Resulta impactante que un niño, aún en plena etapa de desarrollo moral, haya tomado la decisión de sustraer equipos diseñados para mejorar su propia educación. Sin embargo, más allá del hecho mismo, surgen preguntas inquietantes: ¿qué lleva a un menor a cometer un robo de tal magnitud? ¿Qué le enseñó la vida para que creyera que podía hacerlo sin consecuencias?
El contexto nos da pistas. Ocurrió en Accha, una comunidad campesina del distrito de Colquepata, en Paucartambo, una de las provincias cusqueñas donde las carencias son pan de cada día.

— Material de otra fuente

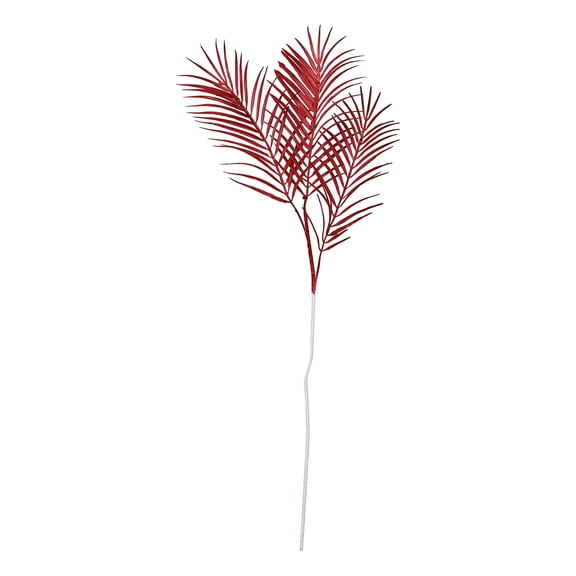LOLIPPYY Artificial Red Tropical Leaf Branch for Party Decor and Handmade Garland Crafts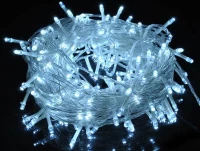 ISO Vánoční osvětlení 200 LED studená bílá 2v1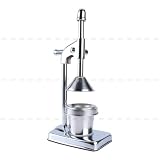 Fyearfly Spremiagrumi manuale, in acciaio inox A2, spremi frutta portatile, argento galvanizzato, design ergonomico resistente, strumento da cucina facile da pulire per succhi freschi.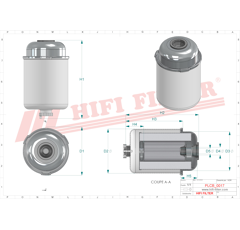 Filtre à gasoil
 adaptable HIFI FILTER SN70552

El acceso a tecnología y educación de calidad sigue siendo un privilegio más que un derecho garantizado. En ese entorno, los dispositivos tecnológicos son valiosos no solo en términos educativos, sino también económicos. Para algunos niños y familias, representan más una oportunidad de supervivencia que de aprendizaje.
En esta historia, también emerge un acto de integridad. El padre del menor, al descubrir los dispositivos, no los ocultó ni justificó la acción de su hijo. En un acto que seguramente le causó dolor, lo entregó a la Policía, enviando un mensaje claro sobre la responsabilidad y las consecuencias de los actos. Sin embargo, cabe preguntarnos si este niño, más que un castigo, no necesita una guía, un apoyo, una segunda oportunidad.
El Estado, en cambio, muestra sus falencias. ¿Cómo es posible que en una escuela rural con tantos equipos tecnológicos no exista una mínima seguridad? ¿Cuántas otras instituciones educativas en zonas alejadas se encuentran en la misma situación? Y más importante aún, ¿qué está haciendo el sistema para garantizar que los niños en contextos vulnerables tengan oportunidades reales para elegir un futuro mejor?
Este caso no debería ser tratado solo como una nota policial. Es una llamada de atención sobre lo que está fallando en nuestra sociedad. Un niño de 12 años no es un criminal en potencia, es el reflejo de un entorno que, si no se atiende, seguirá reproduciendo desigualdad y desesperanza. En vez de preguntarnos únicamente cómo castigar, deberíamos preguntarnos cómo prevenir. ¿Queremos educar ciudadanos o solo reaccionar cuando los problemas explotan?
Hoy es un niño robando tablets. Si no cambiamos el rumbo, mañana serán generaciones enteras robadas de su futuro.